En el mundo es justo que haya
cabida para múltiples creencias, y que todas se respeten mutuamente. Incluso
que, ecuménicamente, intenten construir proyectos solidarios en común. Eso es lo
gozoso, lo ideal. El problema viene cuando una creencia –o una interpretación
de la misma—batalla contra las demás, porque piensa que no tienen derecho a
existir. Esa posición belicosa la emprende incluso contra testimonios de
culturas pasadas. Contra ruinas y cementerios, como si de las tumbas fueran a
brotar los viejos guerreros con la idolatría en sus yelmos y corazas. En la distopía
levantada por Orwell se vigila el
pensamiento (hay una policía para ello), se destruye la Historia (para que no
determine el presente) y se tortura o extermina al opositor. Parece una guerra
de una esfera gris contra una plaga de cucarachas. El radicalismo de una fe
concreta impone por la fuerza y el terror la dictadura. Estamos en el periodo
álgido de la tecnología y la informática, de los cruces informativos, donde
puede haber un lugar para las estrategias del corazón, y sin embargo, las ventajas
se desperdician y desperdigan. El hombre no aprende a hacer un mundo mejor. Se
equivoca siempre la paloma, se extravía, se pierde.
La escritora y periodista
italiana Oriana Fallaci, ya
fallecida en 2006, argumentaba que Europa había perdido “su rabia y orgullo”
contra un Islam ofensor. Es decir, era clara partidaria de levantar empalizadas
infranqueables. En la misma línea se posiciona hoy Salman Rushdie, que habla del surgimiento de nuevos estados
teocráticos y de la timidez de Occidente al no reaccionar. Occidente intenta
“contener” en vez de “derrotar”. Para Rushdie la crueldad inusitada esgrimida
por los atacantes está logrando su objetivo: sembrar miedo y agarrotar los
brazos. El sádico cuenta con que nunca se va a obrar contra él del mismo modo,
pues el principio cívico proscribe ciertos métodos. En consecuencia, el sádico
aprovecha ese margen de ventaja que le dan los reparos o escrúpulos del
oponente.
Mientras, niños muertos, niños
difuntos, y personas inocentes que caerán bajo las bombas de uno y otro bando.

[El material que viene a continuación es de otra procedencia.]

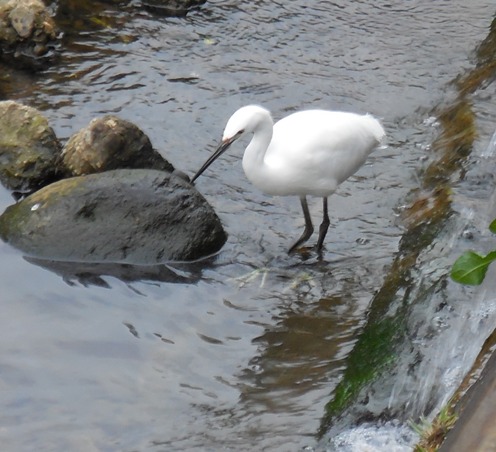 f:id:rmenx13:20200219142138j:plain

Lo que más encoge el corazón es
ver un niño muerto. Aplastada su inocencia, traicionada su alma infantil y pura
por la violencia cobarde. Es como perpretar una fechoría contra los dulces
jilgueros y petirrojos de un vergel. Esconder un explosivo en una pelota,
sabiendo que es el juguete irresistible de un pequeño. O en un peluche, donde
la criatura busca la suavidad del cariño. Mentes enfermas que convierten el
mundo en un infierno, en un paraje desolador.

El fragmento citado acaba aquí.